Anarchism Without Adjectives

Schematic designs for a new society seem to be really popular among

self-described anarchists of all stripes. On the Right, we have

Rothbard’s model for an entire society modelled whole-cloth on a

“libertarian law code” deduced from axioms like self-ownership and the

non-aggression principle. Within the historic anarchist movement of the

Left, we have uniform templates like syndicalism or Kropotkinist

communism. And the same tendency can be found among quasi-anarchistic

libertarian socialist models like De Leonism and the World Socialist

Movement; the latter assumes the creation of a communist society by

persuading all the countries in the world to vote in their precise model

of social organization through the political process, within a short

time frame. And if all this isn’t bad enough there’s Parecon, for god’s

sake.

The “anarchism without adjectives” position was a reaction to this kind

of doctrinaire model-building, and the resulting conflicts between the

proponents of various totalizing blueprints for society — most notably

the late-19th century conflict between individualists, represented by

Benjamin Tucker, and communists, represented by Johann Most. Although

the term was first used by a couple of Spanish anarchists, Ricardo Mella

and Fernando Terrida del Marmol (whom Voltairine de Cleyre met in London

in 1897). Errico Malatesta and Max Nettlau adopted the position, and de

Cleyre and Dyer Lum became its most visible American proponents. The

basic idea was that anarchists should stop feuding over the specific

economic model of a future anarchist society, and leave that for people

to work out for themselves as they saw fit. Economic ideas like

Proudhon’s mutualism, Tucker’s individualist free enterprise and

Kropotkin’s communism were complementary, and in a post-state society a

hundred flowers would bloom from one locality, one social grouping, to

the next.

David Graeber has argued for something like this. He expresses

skepticism that anything like anarcho-capitalism could exist for very

long on a significant scale, with a large number of people willingly

working as wage laborers for a minority, so long as access to the means

of production is relatively easy and there are no cops to exclude people

from vacant land. After all, Robinson Crusoe’s “master” relationship

over Friday depended on him having already “appropriated” the entire

island and having a gun.
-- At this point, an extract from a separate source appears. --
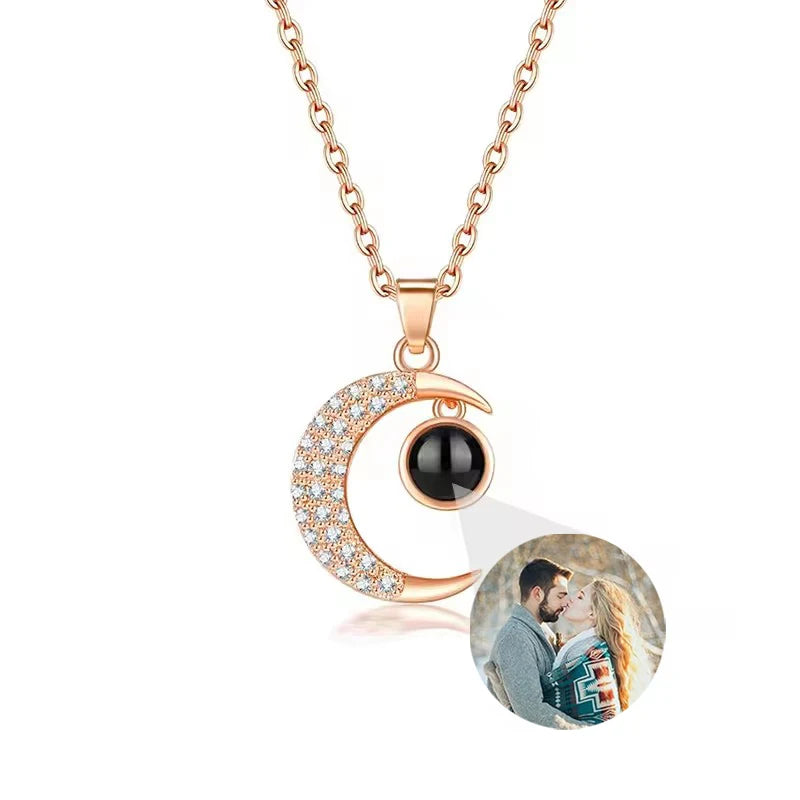 Personalized Picture Projection Necklace Camera Pendant for Women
But so long as economic arrangements are a

matter of negotiation between equals, and nobody’s in a position to call

in men with guns to enforce their will on others, he’s happy to just

wait and see what happens.

So what can we say about the general outlines of a stateless society?
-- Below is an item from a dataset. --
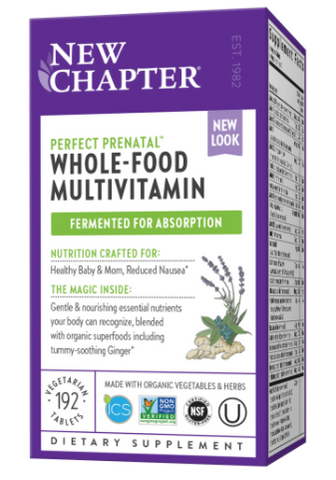 Perfect Prenatal™ Whole-Food Multivitamin, 192 vegetarian tablets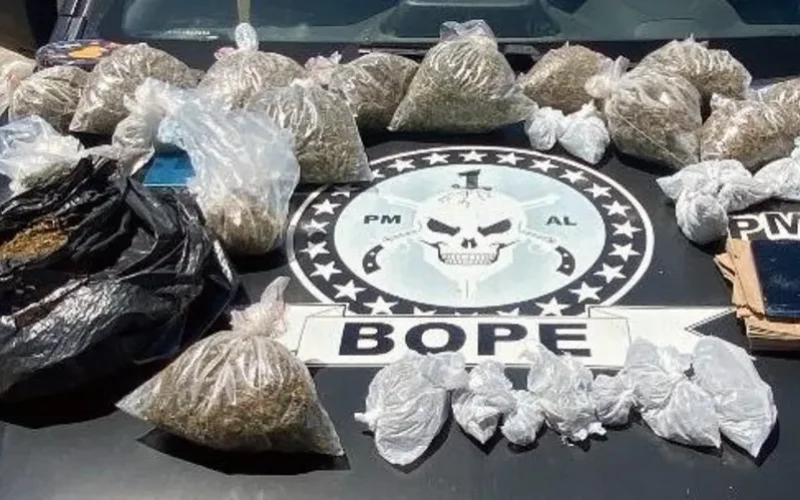 Homem é preso com mais de 3,5 kg de maconha durante operação do Bope em Maceió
First, it will emerge as a result of the ongoing exhaustion, hollowing

out and retreat of large hierarchical institutions like state,

corporation, large bureaucratic university, etc. It will generally be

based on some kind of horizontalism (prefigured by movements like the

Arab Spring, M15 and Occupy) combined with self-managed local

institutions. Second, its building blocks will be the

counter-institutions cropping up everywhere even now to fill the void

left as state and corporation erode: Community gardens, permaculture,

squats, hackerspaces, alternative currency systems, commons-based peer

production, the sharing economy, and in general all forms of social

organization based on voluntary cooperation and new ultra-efficient

technologies of small-scale production. And third, to the extent that it

reflects any common ideology at all, it will be an attachment to values

like personal autonomy, freedom, cooperation and social solidarity. But

the specifics will be worked out in a thousand particular ways, far too

diverse to be encompassed by any verbal model like “communism” or

“markets” (in the sense of the cash nexus).
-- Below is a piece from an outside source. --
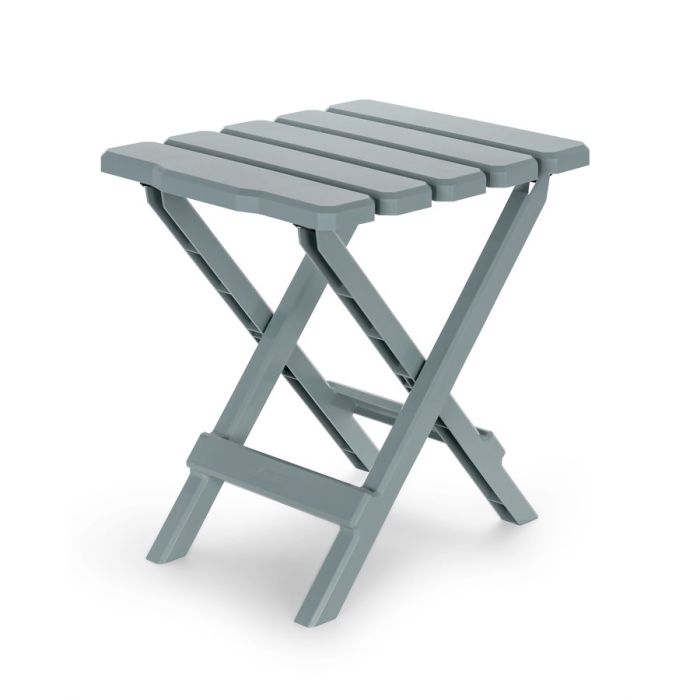 Camco 51682 Quick-Folding Plastic Adirondack Style Table, Small, Gray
I expect a wide variation in small-scale institutions, both within and

between communities: workers’ collectives, business firms, cooperatives,

p2p networks, etc. Multi-family social units like squats, cohousing

projects and extended family compounds may take practice autarkic

communism internally and take advantage of small-scale machinery to meet

most of their needs through direct production, while obtaining the rest

through exchange on the market. Property rules in land and enterprise

ownership will vary from one community to the next.

Even if we stipulate starting from basic assumptions like the broadest

understanding of self-ownership and the nonaggression principle (not

that even a majority of the anarchist movement actually comes from the

philosophical tradition which regards these as words to conjure with),

that means very little in terms of the practical rules that can be

deduced from them. There is simply no way, starting from basic axioms

like self-ownership and nonaggression, to deduce any particular rules

that are both obvious and necessary on issues like (for example) whether

I have the right to intervene to stop an animal being tortured by its

“owner,” or what the specific rules should be for squatters’ rights and

constructive abandonment of a property long left idle.

Even the definition of physical aggression against an individual is, to

a large extent, culturally defined. The surrounding environment impinges

on the physical body in a million different ways, and the boundary

between those that are considered aggressive and those not (like photons

or sound waves that physically affect the sensory organs and

subsequently the nervous system and internal mental state) is somewhat

arbitrary. The same is true for varying cultural definitions of the

boundary between person and environment, and how much of the surrounding

physical environment not actually part of the human body can be regarded

as an extension of the self or an envelope of “personal space.” Bear in

mind that common law definitions of assault assume such a spatial

envelope, and include actions short of physically touching another

person’s body with one’s own.

Any post-state society will include both individuals and communities

adhering to many conflicting ideas of just what “freedom,” “autonomy”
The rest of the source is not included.